Despite the increase in mortgage interest rates, home prices have reached an all-time high according to the S&P CoreLogic Case-Shiller U.S. National Home Price Index. The index revealed that on a three-month running average ending in June, national prices were up by 5.4% compared to June 2023. This marks a record high for the index, although the annual gain was slightly lower than May’s 5.9% reading.
New York experienced the highest annual gain among the 20 cities covered in the index, with prices rising by 9% in June. San Diego and Las Vegas also saw significant annual increases of 8.7% and 8.5% respectively. On the other hand, Portland, Oregon only saw a minimal 0.8% rise in prices, making it the city with the smallest gain among the top cities. This variation in price trends among different cities highlights the diverse landscape of the real estate market.
Interestingly, despite the sharp rise in mortgage rates from April to June, home prices continued to increase. Typically, when mortgage rates go up, it leads to a cooling off in housing prices, but in this case, prices still rose. The average rate on the 30-year fixed mortgage started just below 7% in April and increased to 7.5% by the end of the month. Although rates have since fallen back to around 6.5%, there is evidence that the decline in rates has not been sufficient to attract buyers back into the market.

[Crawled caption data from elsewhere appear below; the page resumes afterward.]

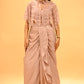 MAUVE CAPE BLOUSE & DRAPED SATIN SKIRT SET WITH PIPE BEAD EMBELLISHMENTS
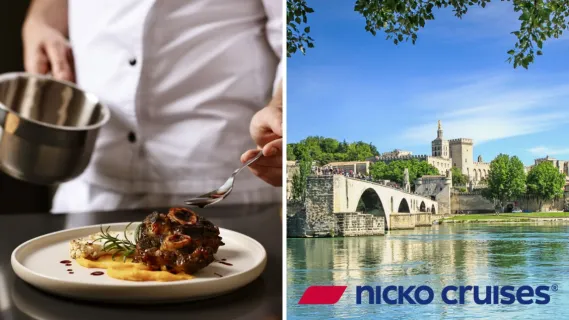 Angebote der Woche von nicko cruises 2-teiliges Bild: links Johann Lafer, der auf einem nicko cruises Schiff ein Gourmet-Menü zaubert, rechts die Stadt Avignon in Südfrankreich an der Rhone.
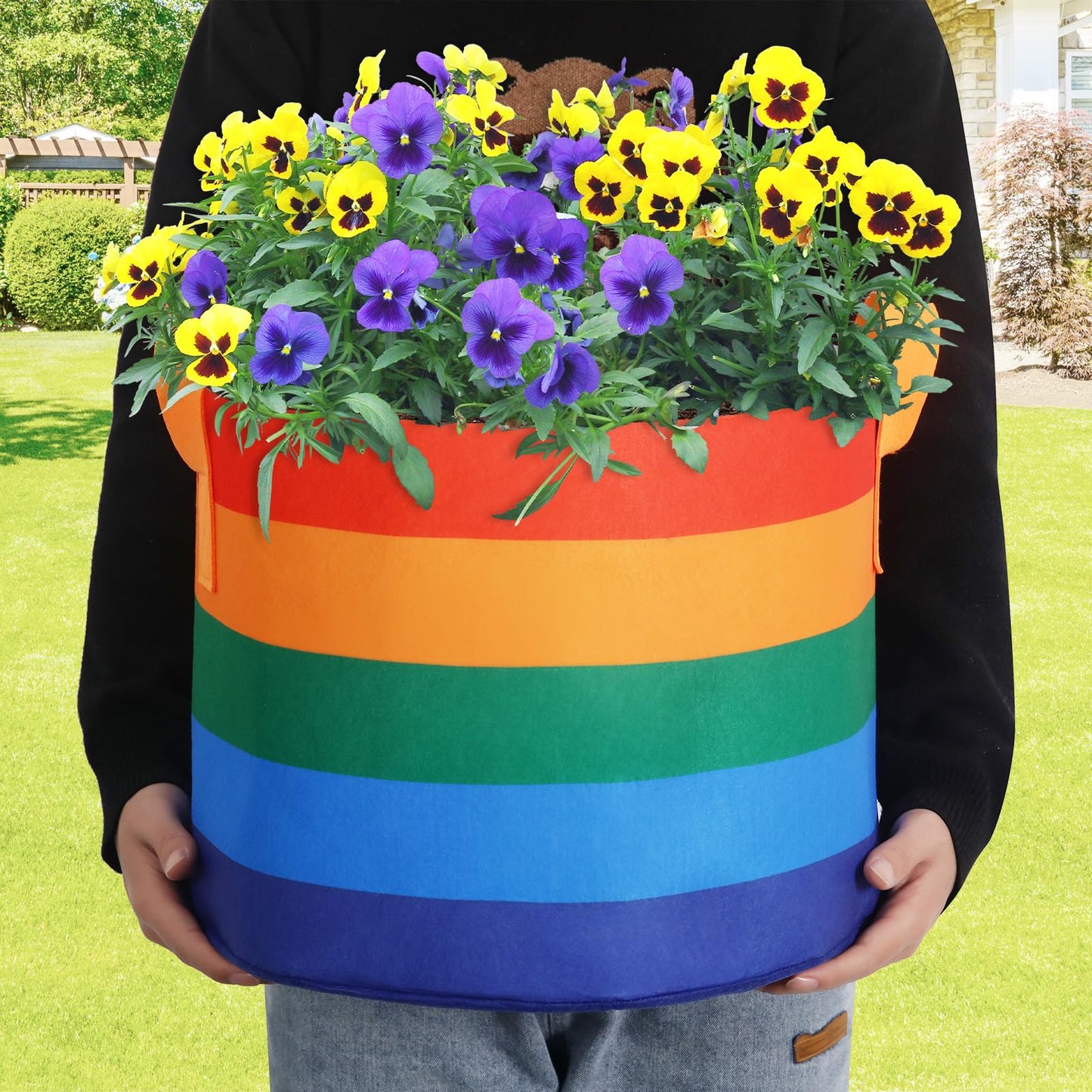 LITLANDSTAR 6 Pack 10 Gallon Grow Bags, Heavy Duty Thickened Colorful Nonwoven Plant Fabric Pots with Handles, Five-Color Tone Garden Plant Bags for Fruits Vegetables Flowers Herb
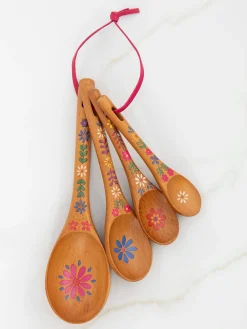 Folk Flower Wooden Measuring Spoons, Set of 4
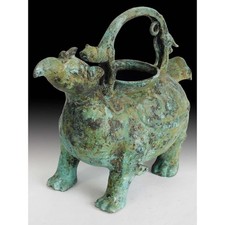 Ancient Chinese Ritual Bronze Zun Libation Zoomorphic Dinosaur Wine Vessel 青銅禮尊 picture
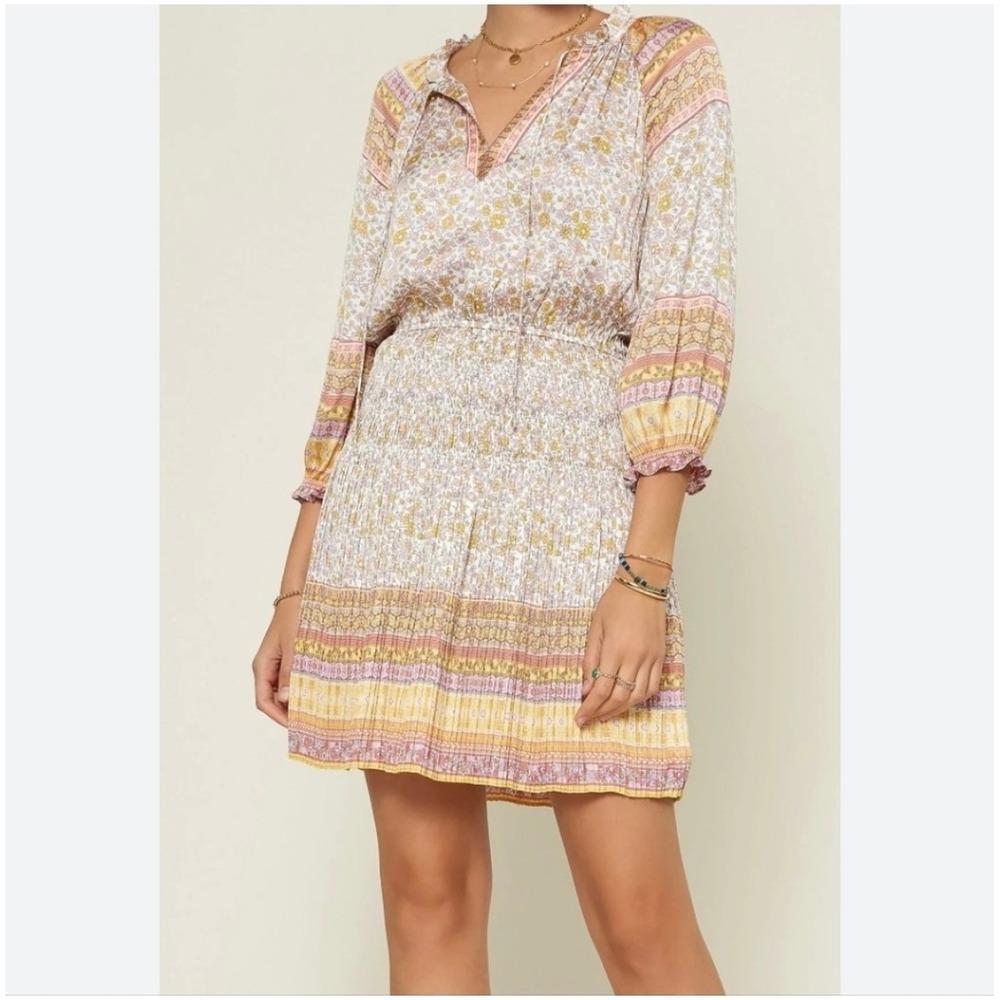 Anthropologie Current Air Floral Smocked Mini Dress XS Boho Cottagecore Peasant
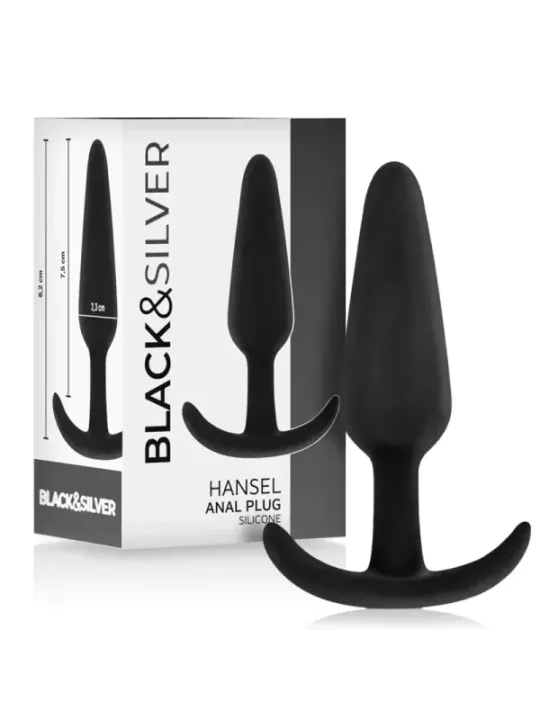 Black&Silver - Plug Anale In Silicone Hansel Con Maniglia Piccolo - BLACK&SILVER - Plug e Catene Anali | erosidea.com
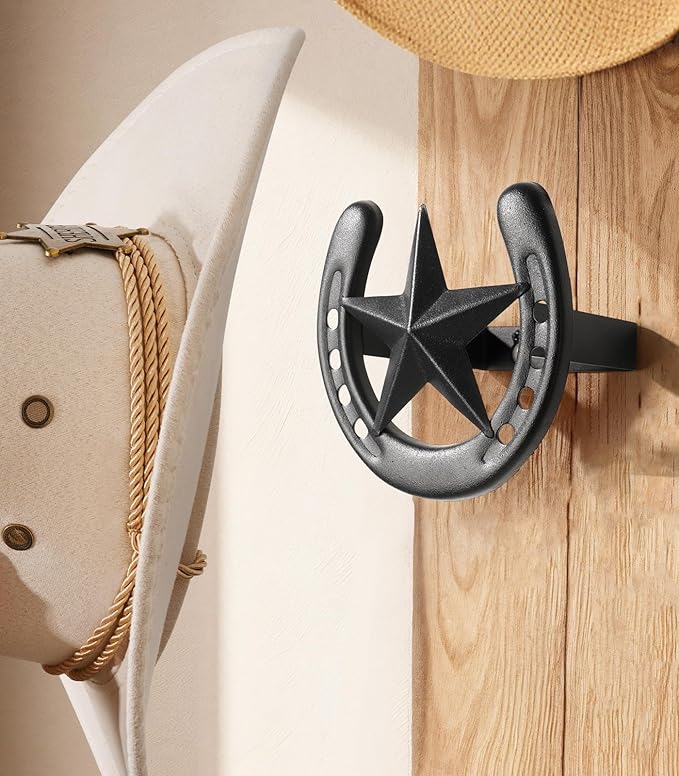 Cowboy Hat Organizer Wall Mount, 6 Pack Cowboy Hat Rack, Bridle Hook for Tack Room, Metal Horseshoe Hook, Horseshoe Decor, Western Hat Hook for Wall, Hat Holder for Entryway Closet, Western Gifts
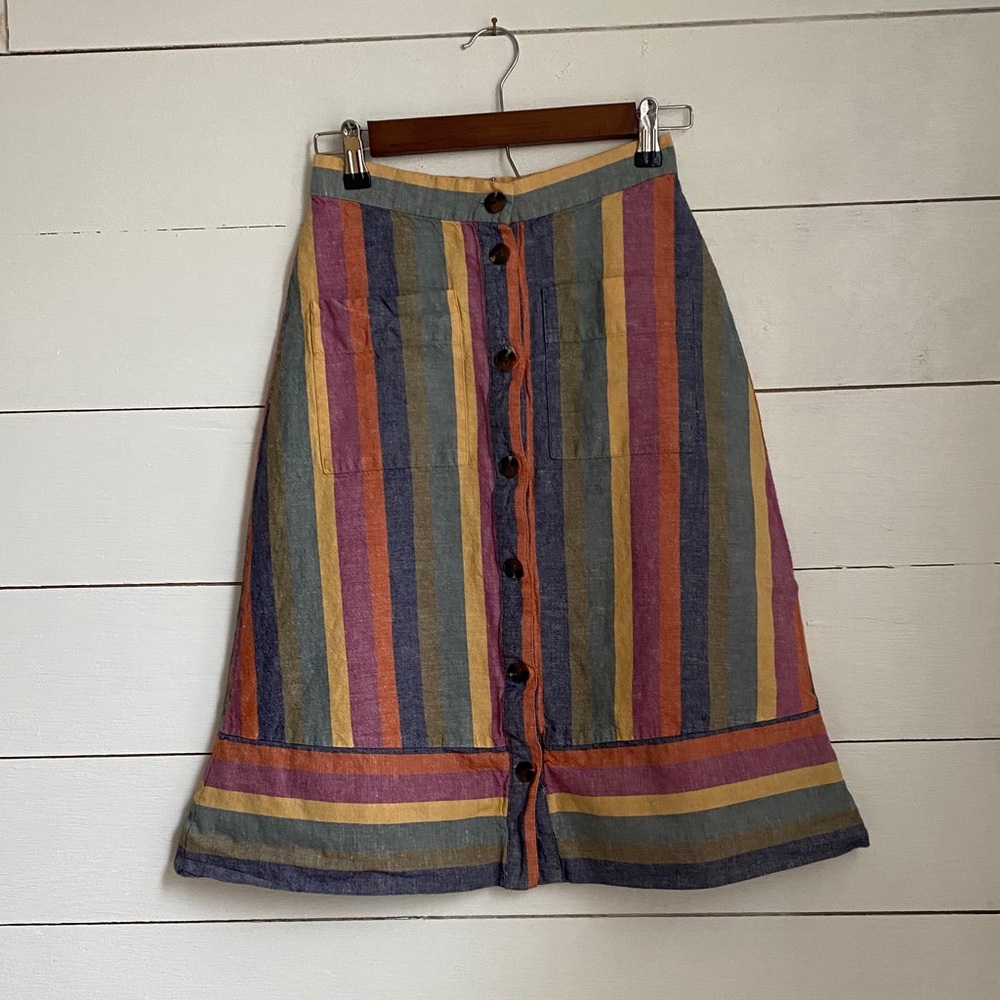 Madewell Multicolor Striped A-Line Skirt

With housing affordability being a significant topic in the current election cycle, the latest report also delved into home values based on different price tiers in each city. The analysis found that over the past five years, lower-priced properties have been rising faster than the overall market in 75% of the cities covered. For example, in Atlanta, the lower tier homes have outperformed middle- and higher-tier homes by 18%. Similarly, New York’s low tier properties have seen a 20% rise compared to the overall market. On the other hand, San Diego has experienced the most substantial appreciation in high-tier homes over the same period.
As we head into the fall, it is expected that home prices will ease slightly due to seasonal factors and an increase in inventory. However, prices are unlikely to experience a significant drop and are anticipated to remain higher than they were last fall. Some potential buyers are waiting for a decrease in home prices before making a purchase, indicating that there may be a slight cooling off in the market in the coming months.
Overall, the current real estate market reflects a unique scenario where rising mortgage rates have not hindered the growth in home prices. The fluctuation in prices among different cities, the impact of mortgage rates, and the trends in price tiers all contribute to the dynamic nature of the housing market. While there may be some changes in the near future, the overall trajectory of home prices remains positive.